* [Exercise goal]: Please report each line of the data below that contains "Leather".

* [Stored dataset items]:
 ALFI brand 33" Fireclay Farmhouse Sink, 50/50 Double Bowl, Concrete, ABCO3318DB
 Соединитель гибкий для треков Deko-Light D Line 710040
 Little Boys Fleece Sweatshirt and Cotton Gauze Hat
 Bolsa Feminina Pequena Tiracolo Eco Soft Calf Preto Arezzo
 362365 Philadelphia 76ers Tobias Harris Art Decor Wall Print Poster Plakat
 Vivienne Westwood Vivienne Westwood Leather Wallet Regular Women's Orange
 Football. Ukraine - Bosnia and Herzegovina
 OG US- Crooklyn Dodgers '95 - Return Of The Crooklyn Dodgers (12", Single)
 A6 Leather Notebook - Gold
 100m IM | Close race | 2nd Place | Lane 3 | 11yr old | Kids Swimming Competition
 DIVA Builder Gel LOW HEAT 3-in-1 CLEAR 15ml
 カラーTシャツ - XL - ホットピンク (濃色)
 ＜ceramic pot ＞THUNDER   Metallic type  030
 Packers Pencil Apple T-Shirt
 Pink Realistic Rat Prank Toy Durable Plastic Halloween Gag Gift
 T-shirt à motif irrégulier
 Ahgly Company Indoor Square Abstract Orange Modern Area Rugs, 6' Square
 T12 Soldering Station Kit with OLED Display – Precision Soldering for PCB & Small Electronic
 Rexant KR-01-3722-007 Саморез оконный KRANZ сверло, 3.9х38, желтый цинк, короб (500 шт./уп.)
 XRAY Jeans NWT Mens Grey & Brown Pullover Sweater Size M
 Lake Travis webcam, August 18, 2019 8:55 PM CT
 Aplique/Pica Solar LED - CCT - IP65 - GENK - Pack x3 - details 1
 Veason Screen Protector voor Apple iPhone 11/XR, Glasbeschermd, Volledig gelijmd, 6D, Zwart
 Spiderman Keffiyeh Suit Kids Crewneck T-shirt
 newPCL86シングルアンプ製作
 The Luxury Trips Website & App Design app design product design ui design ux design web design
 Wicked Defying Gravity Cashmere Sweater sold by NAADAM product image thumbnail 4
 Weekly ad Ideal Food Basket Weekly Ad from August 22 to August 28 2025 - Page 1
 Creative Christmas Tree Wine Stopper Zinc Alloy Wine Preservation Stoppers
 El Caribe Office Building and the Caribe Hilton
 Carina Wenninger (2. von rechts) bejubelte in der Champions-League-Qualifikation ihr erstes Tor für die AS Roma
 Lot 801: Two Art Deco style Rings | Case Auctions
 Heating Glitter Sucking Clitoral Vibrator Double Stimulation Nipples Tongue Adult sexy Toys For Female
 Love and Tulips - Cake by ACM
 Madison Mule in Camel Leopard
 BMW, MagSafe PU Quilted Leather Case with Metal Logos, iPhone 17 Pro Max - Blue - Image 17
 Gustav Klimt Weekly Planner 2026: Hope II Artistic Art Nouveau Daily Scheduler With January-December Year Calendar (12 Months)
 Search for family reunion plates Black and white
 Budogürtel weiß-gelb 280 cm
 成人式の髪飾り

* [Written answer]:
 Vivienne Westwood Vivienne Westwood Leather Wallet Regular Women's Orange
 A6 Leather Notebook - Gold
 BMW, MagSafe PU Quilted Leather Case with Metal Logos, iPhone 17 Pro Max - Blue - Image 17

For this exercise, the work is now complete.